Modern challenges and the future trajectory of a 2,000 year-old-conflict were the subject of two lectures given last week by Faydra L. Shapiro, executive director of the Israel center for Jewish-Christian Relations.
Shapiro the discussed Jewish-Christian relations as part of the Gershom Lecture Series. The Gershom Lecture series began in 2014 to explore Jewish-Christian relations and are funded by a gift from Messianic Rabbi G. Robert Chenoweth.
During her first speech, “The Next Fifty Years: What Might a (More) Mature Model of Jewish-Christian Relations Look Like,” Shapiro encouraged listeners to broaden the Jewish-Christian dialogue.
“I know several Jewish organizations whose claim to be deeply involved in Jewish-Christian relations really means they are engaged with and interested in only one kind of Christian,” Shapiro said. “That is, the kind of Christian who is perceived to be on our side.”
Shapiro advocated for the expansion of the Jewish-Christian dialogue to include groups that may not support all actions of Israel.
“A more developed model of Jewish-Christian relations would contain room for principled disagreement about Israel,” Shapiro said. “A particular attitude towards Israel should not be a criterion of participation in the Jewish-Christian encounter.”
Junior Jerry Hewitt, a Christian studies major, said he gained an appreciation for the complexity of Jewish-Christian relations from Shapiro’s speech.
“Israel isn’t just a nation, but a group of people, just like we are,” Hewitt said. “We have a lot of differences but we have a similar background and an intertwined tradition.”
Prior to this week’s lectures, Shapiro had been a featured speaker during the winter break tour of Israel sponsored by Passages.
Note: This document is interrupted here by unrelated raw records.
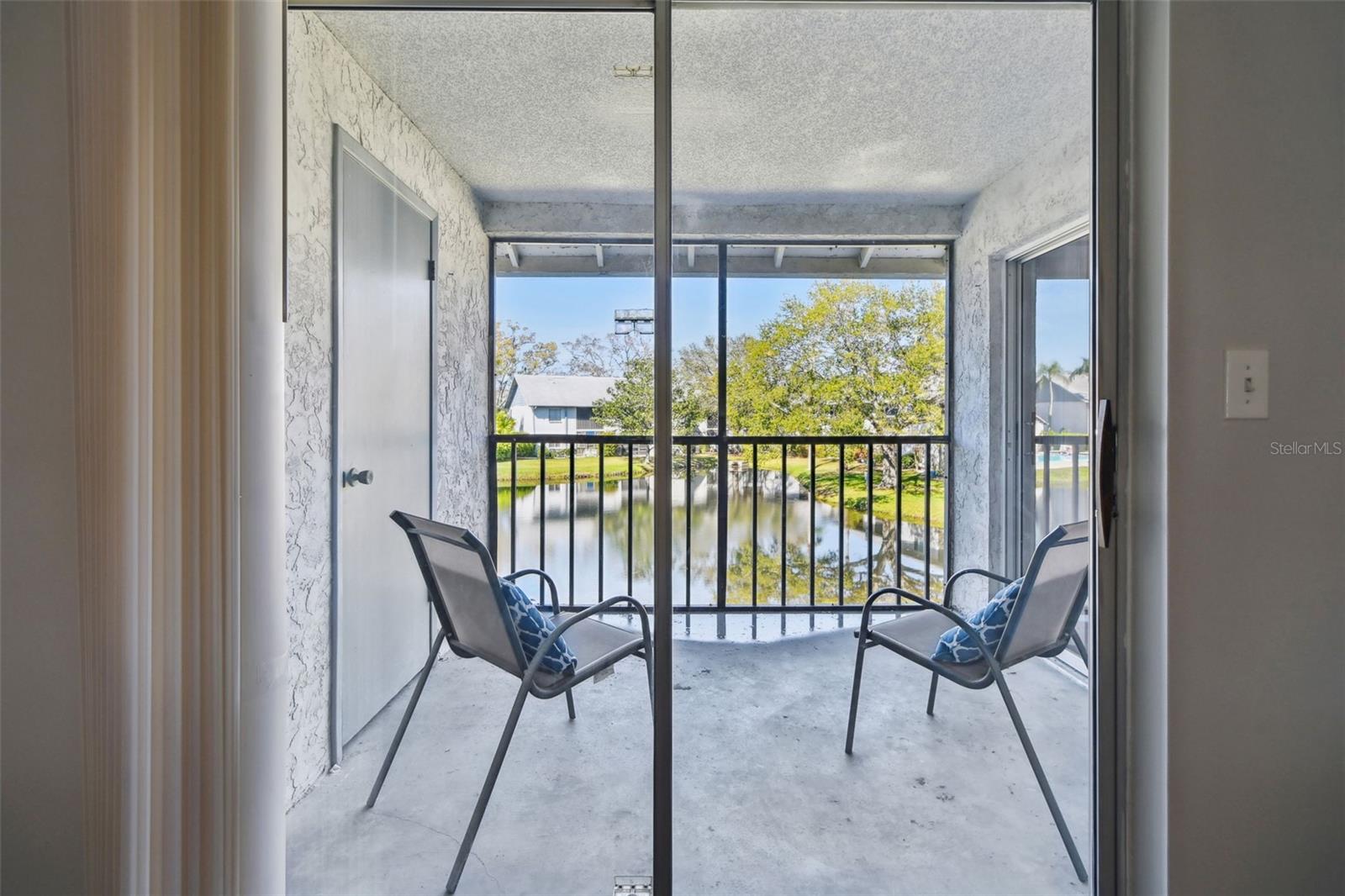 view from living room. Storage closet to left and primary bedroom sliding glass doors to right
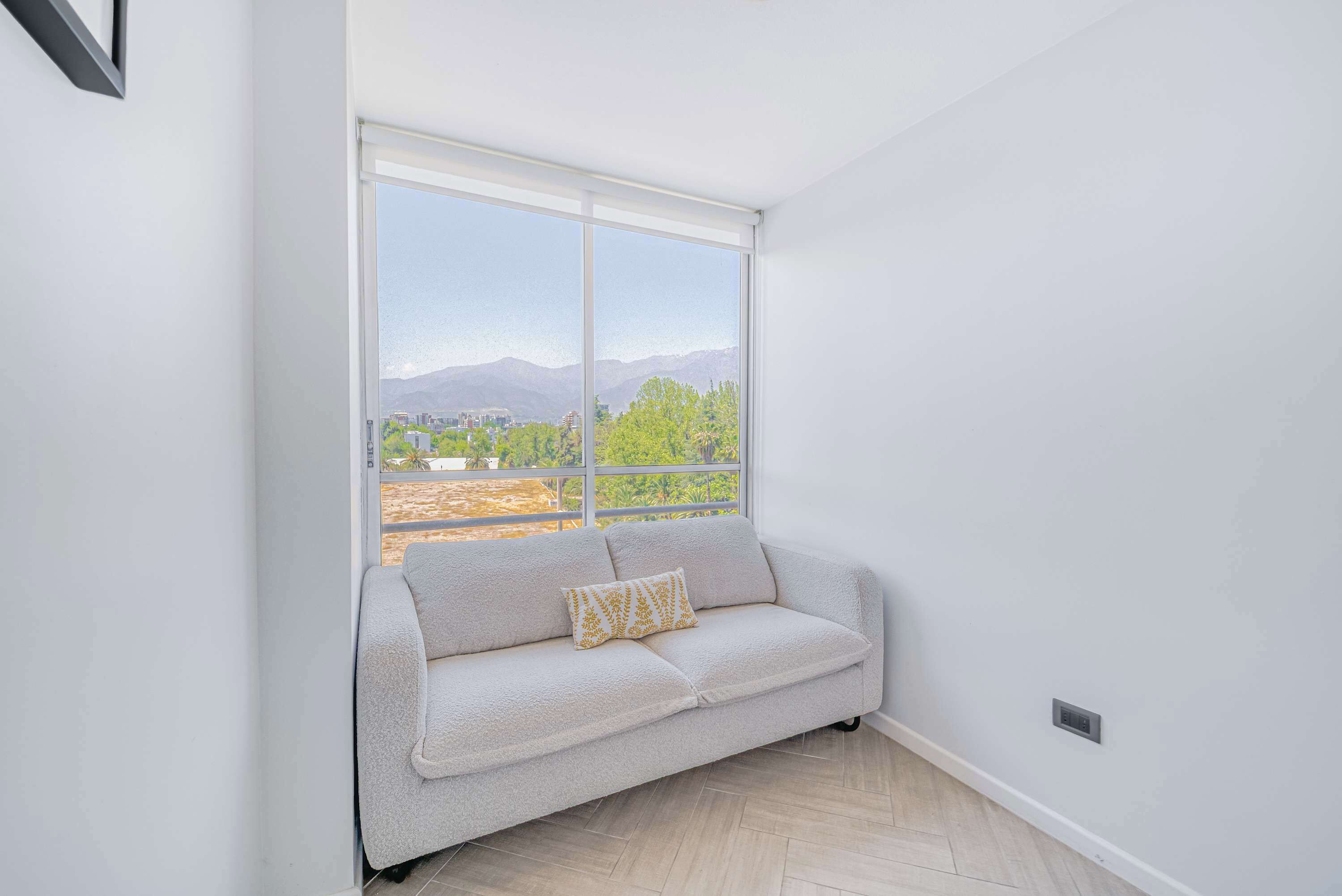 Quarto com um sofá de cor clara, uma almofada estampada e uma grande janela com vista para vegetação e montanhas.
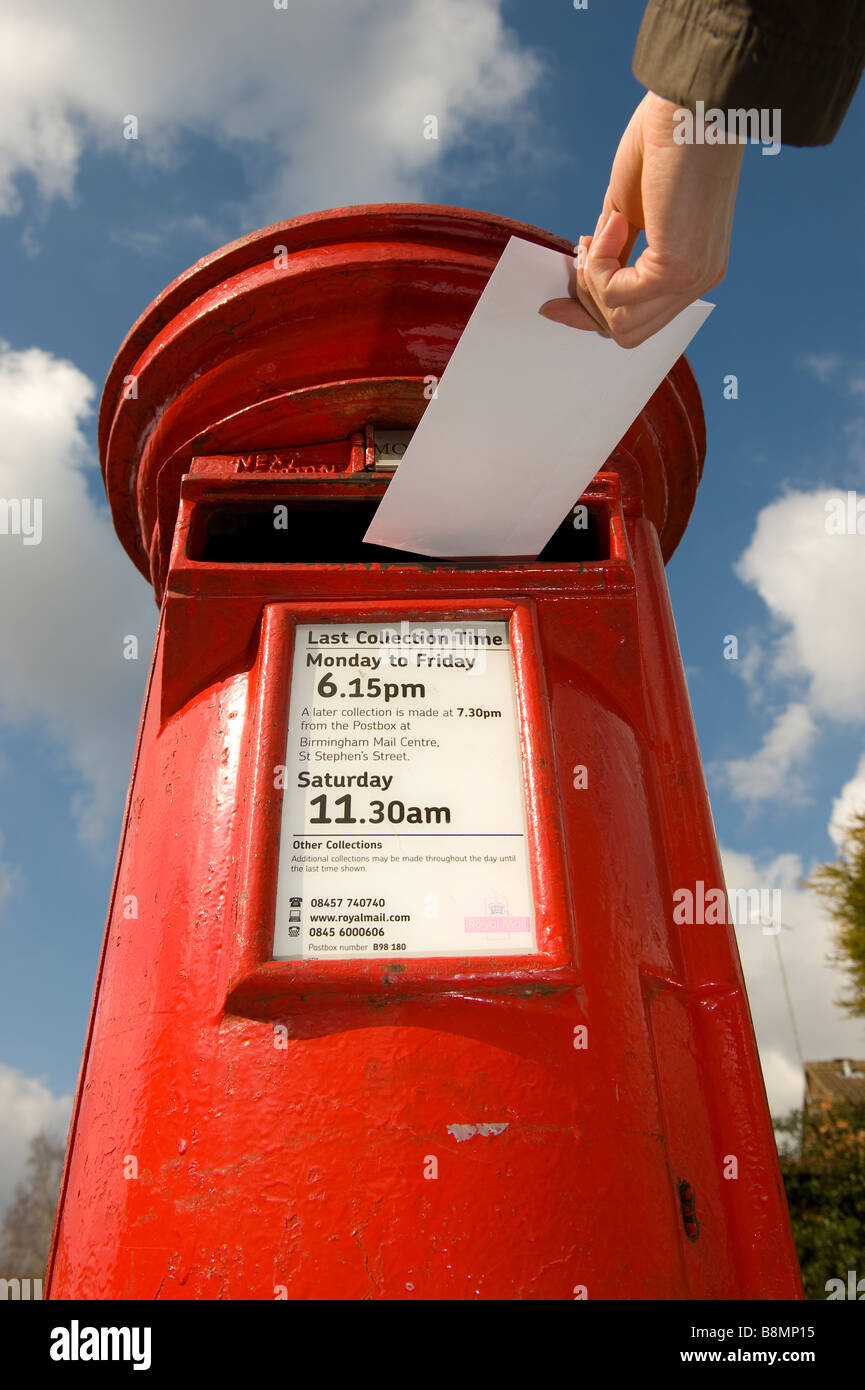 Ein Brief wird in ein helles rot Royal Mail Briefkasten in Worcestershire England gebucht. Stockfoto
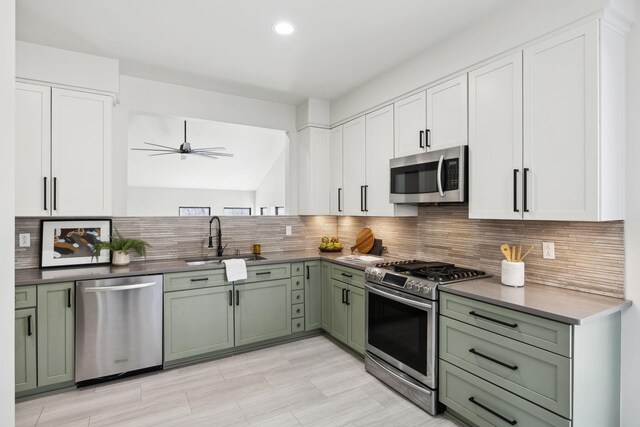 kitchen featuring a sink, decorative backsplash, appliances with stainless steel finishes, and green cabinets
Matt Sauer ‘16, currently an admissions counselor and a graduate of Hillsdale College, heard her speak during that trip two years ago.
“In Israel, Shapiro’s speech was very general and all about making the most of our experience in another country,” Sauer said. “This speech was about now that we are back in our own country, how are we going to apply what we learned to this future Jewish-Christian dialogue.”
Shapiro’s second speech, “The Unique Challenges and Possibilities of Jewish-Christian Relations in Israel,” explored how the unique Jewish majority in Israel made Jewish-Christian relations different from Jewish-Christian relations in other parts of the West.
“It is said that the test of a democracy is the vigor with which it protects the rights of its minorities,” Shapiro said. “For the first time, Jews are responsible for minorities in the Jewish State. Some of them are Christian.”
Shapiro said this reversal of the traditional power dynamics that have existed in most of the West creates issues only found in Israel.
“We Jews have our own Jewish fundamentalists who would like to see a more ‘Jewish’ Jewish State,” Shapiro said. “The question is not about them. The question is how the Jewish State pursues its responsibility for upholding the religious rights and freedoms of Christians.”
During the question and answer session following the speech, a student in the audience asked Shapiro what the final goal or purpose of having a Jewish-Christian dialogue was.
“There is no one simple goal,” Shapiro said. “It is simply our responsibility as part of our continued participation in the West to have Jewish-Christian dialogue.”